Small stature, big throws
No opponent is going to be intimidated when Nathan D’Costa lines up to compete in javelin.
At 5-foot-6 and a slender 140 pounds, the Grade 10 student at Governor Simcoe is a head or more shorter than all his opponents and many pounds lighter.
“I used to get intimidated, but I don’t any more because I just learned the technique properly this year,” the 15-year-old said.
That technique helped him win the junior boys javelin at the Southern Ontario Secondary Schools Association championships with a throw of 52.74 metres.
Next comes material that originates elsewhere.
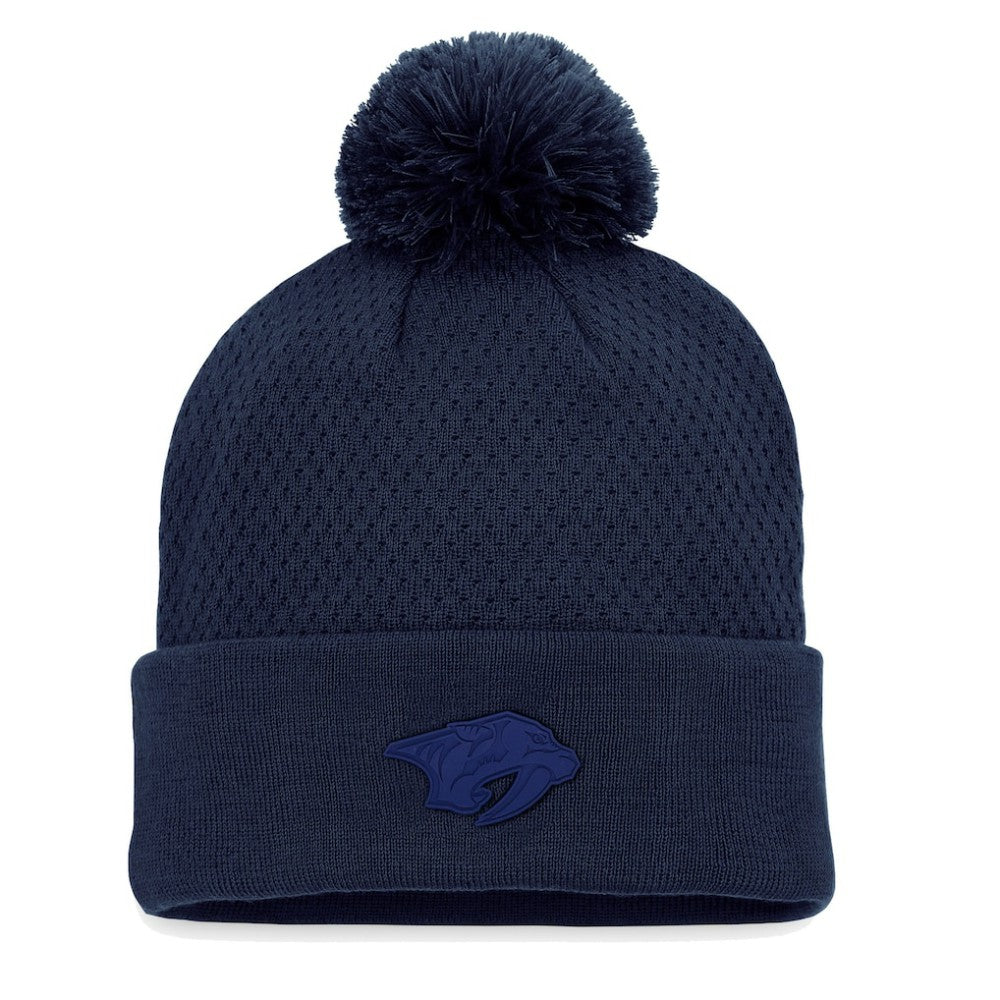 Nashville Predators Fanatics Women's Authentic Pro Road Cuffed Knit Hat with Pom For Sale
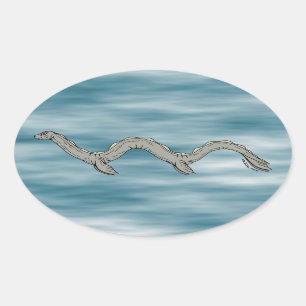 Canadian Lake Monster Oval Sticker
His best throw Thursday at the Niagara Olympic Club obliterated his personal best by more than three metres.
His impressive throws seemed to catch most of his opponents by surprise.
“Everyone is telling me how small I am and they wonder how I throw it so far,” the Thorold Elite Track Club member said.
He feels there are no secrets to his success.
“I just keep a long arm, come in with some speed and aggression and just throw.”
The aggression was fuelled Thursday by remembering his performance at last year’s national championship.
“I came sixth at that one so I wanted to win this one,” he said.
His memories of nationals were stoked by competing Thursday against Notre Dame’s Callan Saldutto.
“He came second at nationals so I wanted to beat him.”
D’Costa’s win at SOSSA is the second step towards his ultimate target.
“My goal is to get top three at OFSAA (Ontario Federation of School Athletic Associations championships).”
Last year, he won the SOSSA midget boys javelin title with a throw of 44.44 metres but didn’t advance any further because his family went on a vacation to Punta Cana on the day the South Regionals started.
“My throw at SOSSA would have won regionals,” he said.
He was disappointed to go on vacation and miss advancing last spring.
“It was hard to leave, but I didn’t think I would be that good,” he said. “I just started last year and then I did really well.”
He got his start in track and field at the urging of his friend, Cameron Burgess.
“I did it and was pretty good then I went to a practice at the Thorold Elite Track Club and they liked me,” he said. “They told me to keep doing it so I stuck with it the entire winter.”
He believes his increased speed and strength have been his biggest improvements in the sport.
“It was a lot of weight room work, hill workouts and running.”
He’s hoping javelin will open doors for him.
“I haven’t thought about which university yet, but a scholarship would be my goal.”